_INSTRUCTIONS FOR THE TASK_
Begin at the first line below and copy each line exactly, ending with the line where "badger-t950-silage-wagon-image-8" appears.

_RECORDED INFORMATION_
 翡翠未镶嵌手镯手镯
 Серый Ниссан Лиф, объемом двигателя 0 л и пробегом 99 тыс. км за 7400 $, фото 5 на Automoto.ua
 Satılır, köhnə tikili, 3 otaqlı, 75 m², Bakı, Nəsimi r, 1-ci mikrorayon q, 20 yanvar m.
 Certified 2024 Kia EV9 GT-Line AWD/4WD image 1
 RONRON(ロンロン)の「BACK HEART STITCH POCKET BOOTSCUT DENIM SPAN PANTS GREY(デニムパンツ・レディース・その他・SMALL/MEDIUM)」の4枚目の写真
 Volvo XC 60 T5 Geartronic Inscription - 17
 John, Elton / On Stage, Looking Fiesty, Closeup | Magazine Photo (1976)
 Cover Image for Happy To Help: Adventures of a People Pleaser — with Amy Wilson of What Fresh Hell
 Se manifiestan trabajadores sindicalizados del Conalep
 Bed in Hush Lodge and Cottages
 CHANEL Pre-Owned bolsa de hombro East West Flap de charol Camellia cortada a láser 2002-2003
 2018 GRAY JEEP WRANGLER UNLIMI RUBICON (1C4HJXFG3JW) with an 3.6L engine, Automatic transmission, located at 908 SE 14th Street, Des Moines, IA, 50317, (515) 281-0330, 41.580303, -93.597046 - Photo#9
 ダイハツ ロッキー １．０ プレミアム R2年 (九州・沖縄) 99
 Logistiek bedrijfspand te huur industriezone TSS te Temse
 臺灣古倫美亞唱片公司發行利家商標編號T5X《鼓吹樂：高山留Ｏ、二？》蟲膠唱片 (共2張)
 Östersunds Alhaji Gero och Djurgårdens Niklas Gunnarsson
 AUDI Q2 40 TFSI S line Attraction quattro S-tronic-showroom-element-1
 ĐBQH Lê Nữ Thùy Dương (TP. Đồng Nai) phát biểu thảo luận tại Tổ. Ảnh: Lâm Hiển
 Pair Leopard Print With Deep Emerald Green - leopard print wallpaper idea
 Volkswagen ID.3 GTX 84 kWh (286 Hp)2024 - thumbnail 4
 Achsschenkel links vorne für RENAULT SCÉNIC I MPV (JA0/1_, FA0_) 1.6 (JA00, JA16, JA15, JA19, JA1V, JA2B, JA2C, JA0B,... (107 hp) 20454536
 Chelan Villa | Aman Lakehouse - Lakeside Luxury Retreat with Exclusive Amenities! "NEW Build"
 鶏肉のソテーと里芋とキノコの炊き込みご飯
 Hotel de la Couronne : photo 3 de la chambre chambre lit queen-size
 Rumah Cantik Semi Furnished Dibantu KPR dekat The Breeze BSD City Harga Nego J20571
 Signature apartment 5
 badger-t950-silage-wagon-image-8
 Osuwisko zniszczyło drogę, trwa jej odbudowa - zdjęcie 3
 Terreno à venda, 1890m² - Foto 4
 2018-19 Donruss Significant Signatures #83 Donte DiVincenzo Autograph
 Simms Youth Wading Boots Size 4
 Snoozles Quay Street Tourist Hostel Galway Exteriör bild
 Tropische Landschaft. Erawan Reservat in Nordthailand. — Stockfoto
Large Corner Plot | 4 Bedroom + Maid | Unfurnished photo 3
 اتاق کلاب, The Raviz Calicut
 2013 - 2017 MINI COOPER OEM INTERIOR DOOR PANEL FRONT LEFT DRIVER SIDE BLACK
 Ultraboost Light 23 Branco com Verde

_ANSWER SECTION_
 翡翠未镶嵌手镯手镯
 Серый Ниссан Лиф, объемом двигателя 0 л и пробегом 99 тыс. км за 7400 $, фото 5 на Automoto.ua
 Satılır, köhnə tikili, 3 otaqlı, 75 m², Bakı, Nəsimi r, 1-ci mikrorayon q, 20 yanvar m.
 Certified 2024 Kia EV9 GT-Line AWD/4WD image 1
 RONRON(ロンロン)の「BACK HEART STITCH POCKET BOOTSCUT DENIM SPAN PANTS GREY(デニムパンツ・レディース・その他・SMALL/MEDIUM)」の4枚目の写真
 Volvo XC 60 T5 Geartronic Inscription - 17
 John, Elton / On Stage, Looking Fiesty, Closeup | Magazine Photo (1976)
 Cover Image for Happy To Help: Adventures of a People Pleaser — with Amy Wilson of What Fresh Hell
 Se manifiestan trabajadores sindicalizados del Conalep
 Bed in Hush Lodge and Cottages
 CHANEL Pre-Owned bolsa de hombro East West Flap de charol Camellia cortada a láser 2002-2003
 2018 GRAY JEEP WRANGLER UNLIMI RUBICON (1C4HJXFG3JW) with an 3.6L engine, Automatic transmission, located at 908 SE 14th Street, Des Moines, IA, 50317, (515) 281-0330, 41.580303, -93.597046 - Photo#9
 ダイハツ ロッキー １．０ プレミアム R2年 (九州・沖縄) 99
 Logistiek bedrijfspand te huur industriezone TSS te Temse
 臺灣古倫美亞唱片公司發行利家商標編號T5X《鼓吹樂：高山留Ｏ、二？》蟲膠唱片 (共2張)
 Östersunds Alhaji Gero och Djurgårdens Niklas Gunnarsson
 AUDI Q2 40 TFSI S line Attraction quattro S-tronic-showroom-element-1
 ĐBQH Lê Nữ Thùy Dương (TP. Đồng Nai) phát biểu thảo luận tại Tổ. Ảnh: Lâm Hiển
 Pair Leopard Print With Deep Emerald Green - leopard print wallpaper idea
 Volkswagen ID.3 GTX 84 kWh (286 Hp)2024 - thumbnail 4
 Achsschenkel links vorne für RENAULT SCÉNIC I MPV (JA0/1_, FA0_) 1.6 (JA00, JA16, JA15, JA19, JA1V, JA2B, JA2C, JA0B,... (107 hp) 20454536
 Chelan Villa | Aman Lakehouse - Lakeside Luxury Retreat with Exclusive Amenities! "NEW Build"
 鶏肉のソテーと里芋とキノコの炊き込みご飯
 Hotel de la Couronne : photo 3 de la chambre chambre lit queen-size
 Rumah Cantik Semi Furnished Dibantu KPR dekat The Breeze BSD City Harga Nego J20571
 Signature apartment 5
 badger-t950-silage-wagon-image-8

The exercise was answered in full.